Input data =
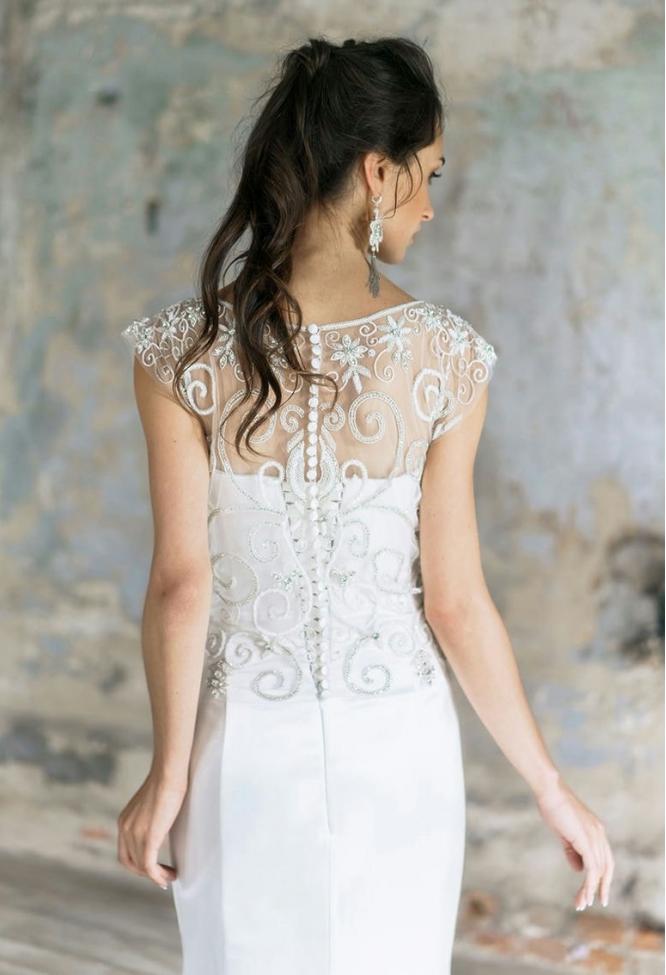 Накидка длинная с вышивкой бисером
* * *
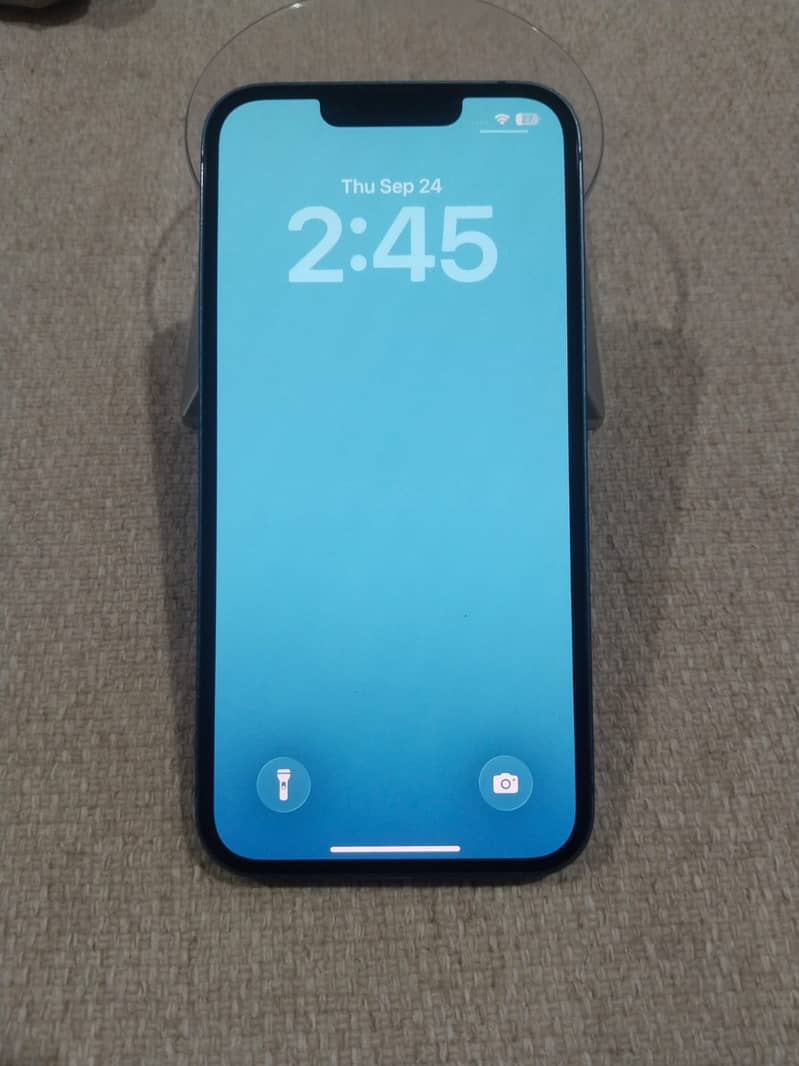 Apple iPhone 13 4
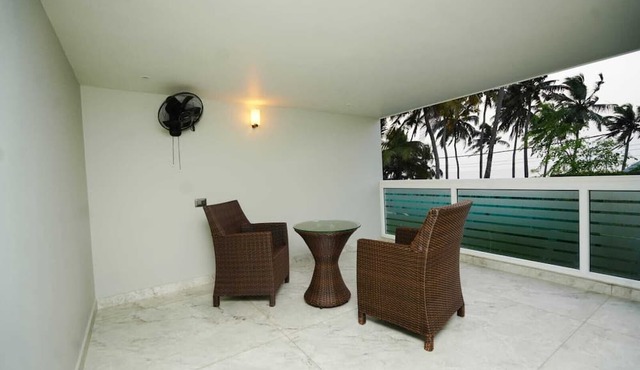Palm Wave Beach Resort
* * *
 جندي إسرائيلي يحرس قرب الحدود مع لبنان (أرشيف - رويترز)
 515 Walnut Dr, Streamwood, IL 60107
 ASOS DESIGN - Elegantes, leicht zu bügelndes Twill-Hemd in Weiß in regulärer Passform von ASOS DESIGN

Task instructions = Every line from the line containing "515 Walnut Dr, Streamwood, IL 60107" through the line containing "ASOS DESIGN - Elegantes, leicht" in the records above must be retyped exactly. Leave out the rest.

Answer below =
 515 Walnut Dr, Streamwood, IL 60107
 ASOS DESIGN - Elegantes, leicht zu bügelndes Twill-Hemd in Weiß in regulärer Passform von ASOS DESIGN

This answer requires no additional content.